We can find the interception with $(z = 0)$ from the correlated line data, knowing it contains the point (15, 8):

\begin{align*} (h - 8) &= (3/2) \cdot (z - 15) \\ (h - 8) &= (3/2) \cdot (0 - 15) \\ h &= 8 - (3/2) \cdot 15 \\ h &= -14.5 \end{align*}

Again the result is consistent to our deduction!
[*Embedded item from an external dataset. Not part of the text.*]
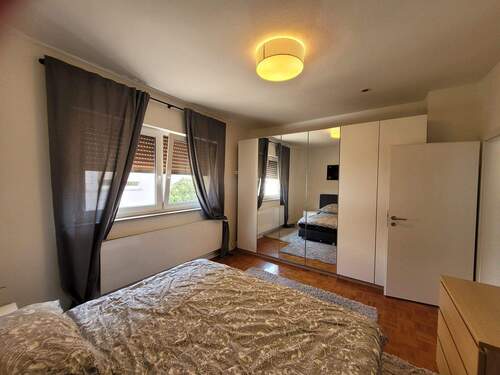 Schlafzimmer EG.jpg - 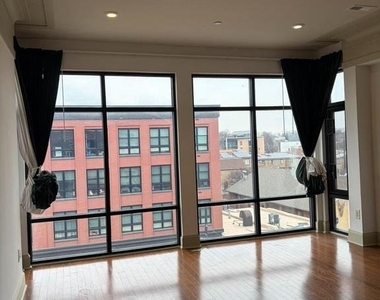 1301 H Street Ne - Photo Thumbnail 5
When $(f())$ is linear but $(g())$ is quadratic, we get:

\begin{alignat*}{2} f({\bf x}) &=& &f_1 \cdot {\bf x} + f_0& \cr g({\bf x}) &=&~~g_2 \cdot {\bf x}^2 ~+~ &g_1 \cdot {\bf x} + g_0& \cr \end{alignat*}

\begin{align*} {\bf z} &= f({\bf x}) \cr {\bf x} &= \frac{{\bf z} - f_0}{f_1} \cr \cr h({\bf z}) &= g_2 \cdot \left(\frac{{\bf z} - f_0}{f_1}\right)^2 + g_1 \cdot \left(\frac{{\bf z} - f_0}{f_1}\right) + g_0 \cr \end{align*}

Developing the last equation and summarizing, we finally get:

$$({\bf z}, h({\bf z})) = (f({\bf x}), g({\bf x}))$$

\begin{alignat*}{2} f({\bf x}) &=& &f_1 \cdot {\bf x} + f_0& \cr g({\bf x}) &=&~~g_2 \cdot {\bf x}^2 ~+~ &g_1 \cdot {\bf x} + g_0& \cr \end{alignat*}

\begin{align*} \therefore h({\bf z}) &= z_2 \cdot {\bf z}^2 + z_1 \cdot {\bf z} + z_0 \cr \cr z_2 &= \frac{g_2}{f_1^2} \cr z_1 &= \frac{g_1}{f_1} - 2 \cdot \frac{f_0 \cdot g_2}{f_1^2} \cr z_0 &= \frac{g_2}{f_1^2} \cdot f_0^2 - \frac{g_1}{f_1} \cdot f_0 + g_0 \cr \end{align*}\tag{33}

Formula 33. Analytic Correlation of a quadratic against a linear function.